Question on multithreading/vectorizing loops

Consider a classic loop parallelization scheme: the outer loop multithreads, and the inner loop vectorizes:

    tmp = [Vector{T}(undef, length(B)) for _ in 1:Threads.nthreads()]

    @inbounds Threads.@threads for ii in eachindex(A)
        @inbounds @simd for jj in eachindex(B)
            tmp[Threads.threadid()][jj] = fun(A[ii], B[jj])
        end
        C[ii] = sum(tmp[Threads.threadid()])
    end

I have the following questions:

  1. What is the scope of @inbounds and similar marcos? i.e., is the 2nd @inbounds here redundant? Does it extends into the called function fun and sum?
  2. Is there a way to conditionally use (or not use) multithreading at runtime (essentially the IF directive in OpenMP)? when A is small, the overhead may not be worth it.
  3. According to the manual, Threads.threadid() may change even within a single iteration, so the above code is actually not thread safe. What will be the proper way to create private scratch spaces like tmp?

Thanks

1 Like

One way to solve 2 and 3 is to split your work manually in chunks, and run with 1 chunk if the parallelization is not effective.
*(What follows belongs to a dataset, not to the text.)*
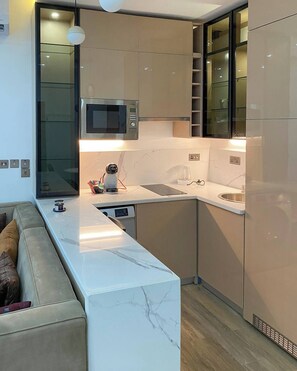 Private kitchen - Dyve Luxury Stays (Abuja)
With this small package: GitHub - m3g/ChunkSplitters.jl: Simple chunk splitters for parallel loop executions, doing that is simple as rewriting the loop as:

    nchunks = Threads.nthreads() # or any other number

    tmp = [Vector{T}(undef, length(B)) for _ in 1:nchuncks]

    Threads.@threads for (iirange, ichunk) in chunks(eachindex(A), nchunks)
        for ii in iirange
            @inbounds @simd for jj in eachindex(B)
                tmp[ichunk][jj] = fun(A[ii], B[jj])
            end
            C[ii] = sum(tmp[ichunk])
        end
    end

Note that tmp has nchunks length and that it is updated by the ichunk index, which is not dependent on treadid(). Then the indices of ii to be run where automatically split into ranges of equal size, contained in the irange ranges.

Or you can go higher level and use Floops.jl, for example. In

3 Likes

Thanks!

I have tried doing the similar manually, but that resulted in many allocation and slow speeds.

it turns out that you cannot do for ii = ((chunkidx-1)*chunksz+firstindex(A)):min(chunkidx * chunksz + firstindex(A) - 1, lastindex(A)), the range has to be calculated beforehand.

1 Like

I’m not sure exactly what you mean there. Can you show a more complete example? Are you nesting @threads loops?

Chunking with variable ranges should work, in principle:

julia> nchunks = 4;

julia> x = rand(10);

julia> k = 2
2

julia> Threads.@threads for (irange, ichunk) in chunks(firstindex(x)+k:lastindex(x)-1, nchunks)
           for i in irange
               @show ichunk, i
           end
       end
(ichunk, i) = (1, 1)
(ichunk, i) = (3, 5)
(ichunk, i) = (4, 7)
(ichunk, i) = (3, 6)
(ichunk, i) = (1, 2)
(ichunk, i) = (2, 3)
(ichunk, i) = (2, 4)

edit: I see what you probably mean. The issue is that when on use a range, for example:

r = 2:2:5

the indexes of the array are not the values of the array:

julia> r = 2:2:5
2:2:4

julia> collect(eachindex(r))
2-element Vector{Int64}:
 1
 2

and that can definitely cause some confusion when trying to pass a slice of an original array to be chunk, because one could expect that the indexes of the original array where retained. An alternative is to wrap the range in an OffsetArray, but is arguably cumbersome as well:

julia> Threads.@threads for (irange, ichunk) in 
               chunks(OffsetArray(firstindex(x)+k:lastindex(x)-1,firstindex(x)+k-1), nchunks)
           for i in irange
               @show ichunk, i
           end
       end
(ichunk, i) = (2, 5)
(ichunk, i) = (3, 7)
(ichunk, i) = (1, 3)
(ichunk, i) = (4, 9)
(ichunk, i) = (2, 6)
(ichunk, i) = (3, 8)
(ichunk, i) = (1, 4)

and afaik it won’t work if the step length is not 1.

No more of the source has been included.